* [GOAL OF THE EXERCISE] From the listing below, please restate exactly the lines beginning at the one with "May include: A" and ending at the one with "Canyoning in Sušec", both included, and skip the pictures.

* [DATA IN THIS EXERCISE]

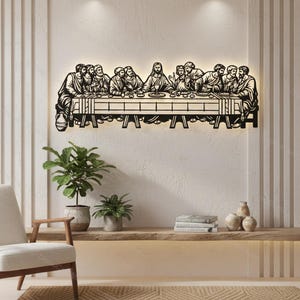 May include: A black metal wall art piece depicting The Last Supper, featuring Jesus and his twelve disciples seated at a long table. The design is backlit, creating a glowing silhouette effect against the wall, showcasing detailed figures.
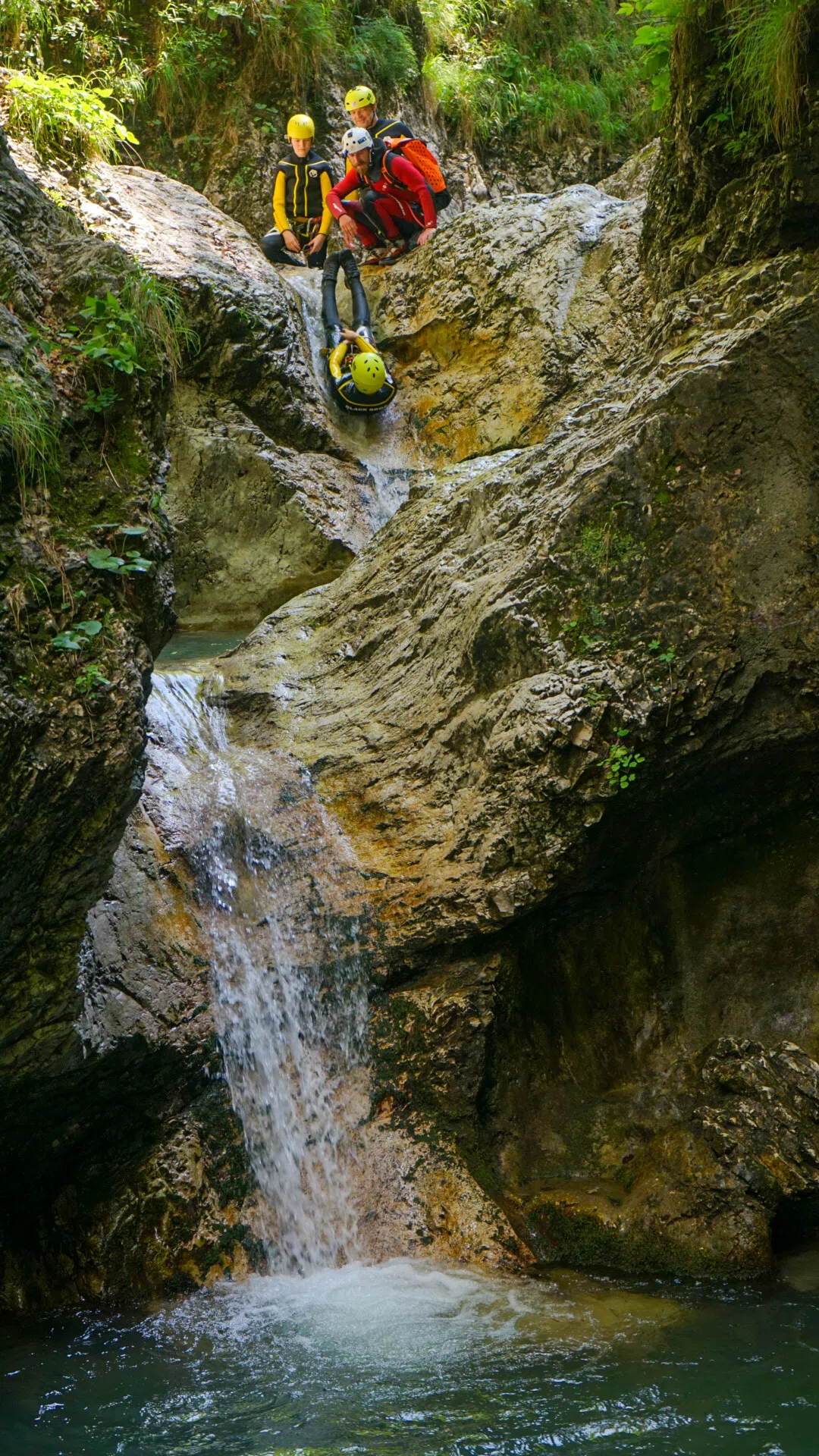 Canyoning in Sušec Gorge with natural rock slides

...

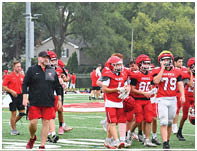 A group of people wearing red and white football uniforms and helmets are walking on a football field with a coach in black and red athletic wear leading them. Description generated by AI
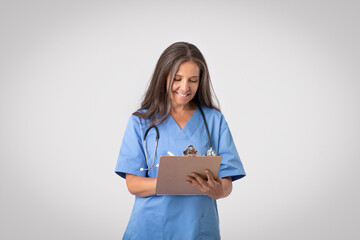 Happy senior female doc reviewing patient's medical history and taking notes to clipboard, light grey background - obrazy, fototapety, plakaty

* [REPLY]
 May include: A black metal wall art piece depicting The Last Supper, featuring Jesus and his twelve disciples seated at a long table. The design is backlit, creating a glowing silhouette effect against the wall, showcasing detailed figures.
 Canyoning in Sušec Gorge with natural rock slides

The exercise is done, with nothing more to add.